§ **EXERCISE OBJECTIVE**: Reproduce the lines below exactly. Skip images.

§ **DATA SUPPLIED**:

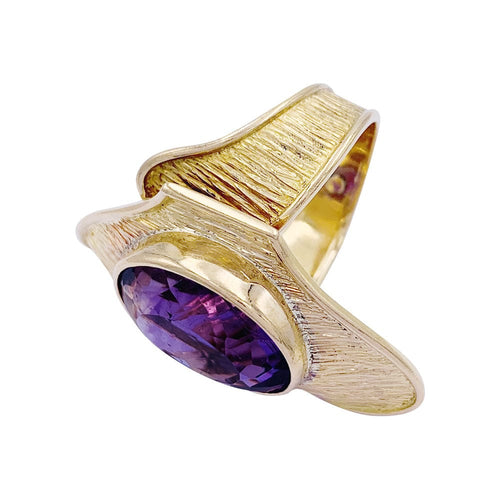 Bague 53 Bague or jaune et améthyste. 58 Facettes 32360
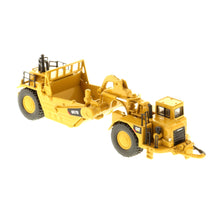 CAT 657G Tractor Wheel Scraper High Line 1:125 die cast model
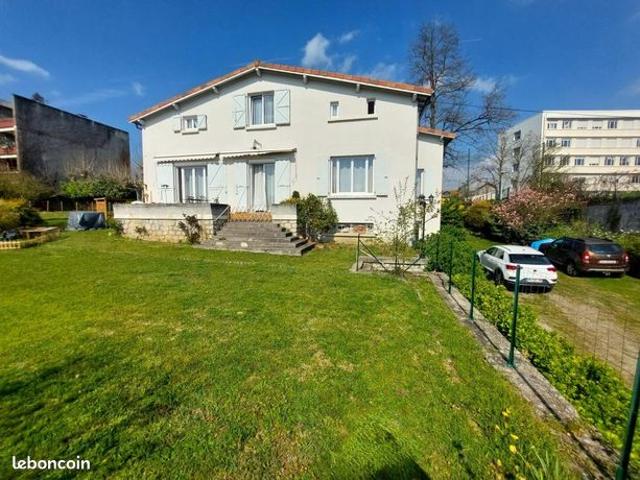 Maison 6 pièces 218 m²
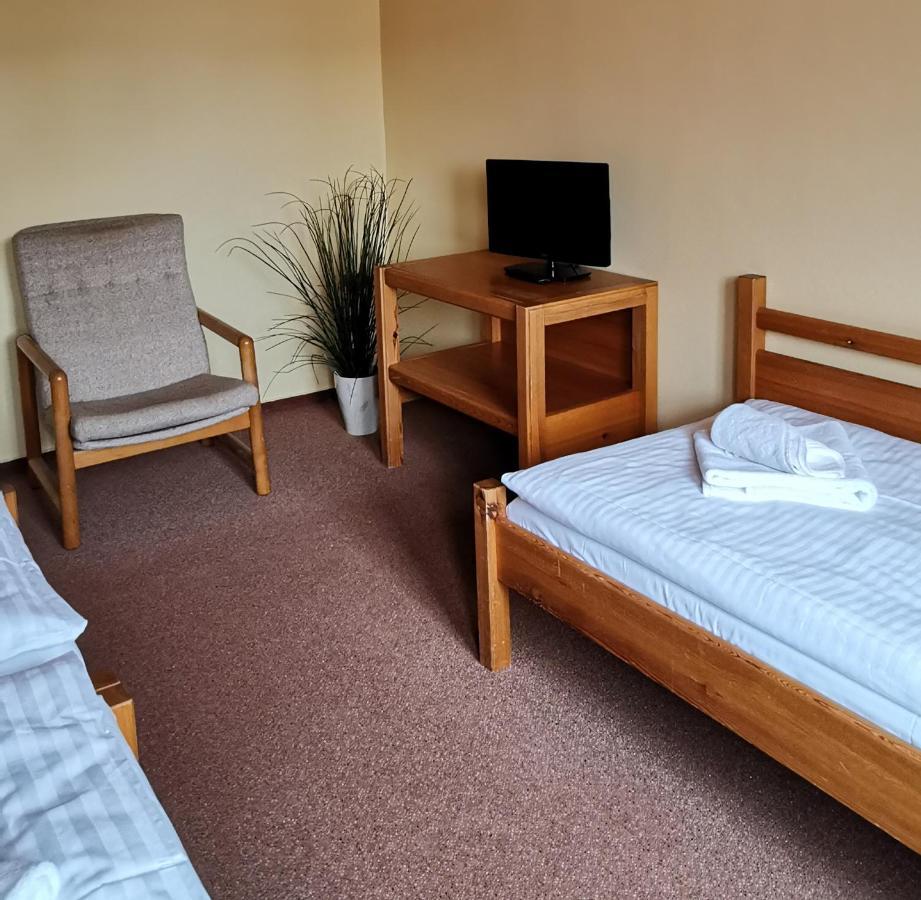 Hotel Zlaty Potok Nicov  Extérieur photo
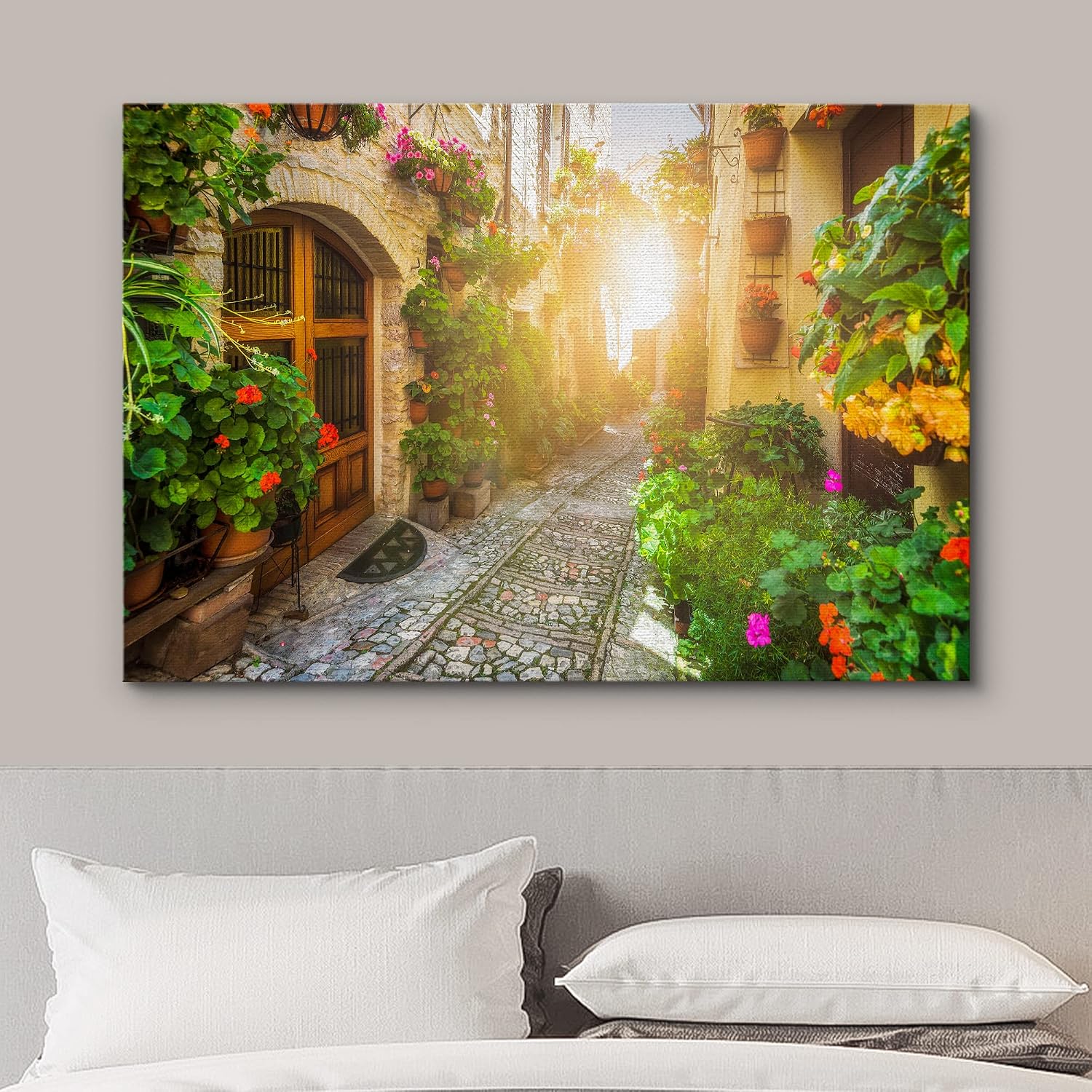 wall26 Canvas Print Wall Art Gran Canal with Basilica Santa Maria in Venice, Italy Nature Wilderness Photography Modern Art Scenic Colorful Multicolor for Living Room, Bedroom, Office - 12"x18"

§ **REPLY**:
 Bague 53 Bague or jaune et améthyste. 58 Facettes 32360
 CAT 657G Tractor Wheel Scraper High Line 1:125 die cast model
 Maison 6 pièces 218 m²
 Hotel Zlaty Potok Nicov  Extérieur photo
 wall26 Canvas Print Wall Art Gran Canal with Basilica Santa Maria in Venice, Italy Nature Wilderness Photography Modern Art Scenic Colorful Multicolor for Living Room, Bedroom, Office - 12"x18"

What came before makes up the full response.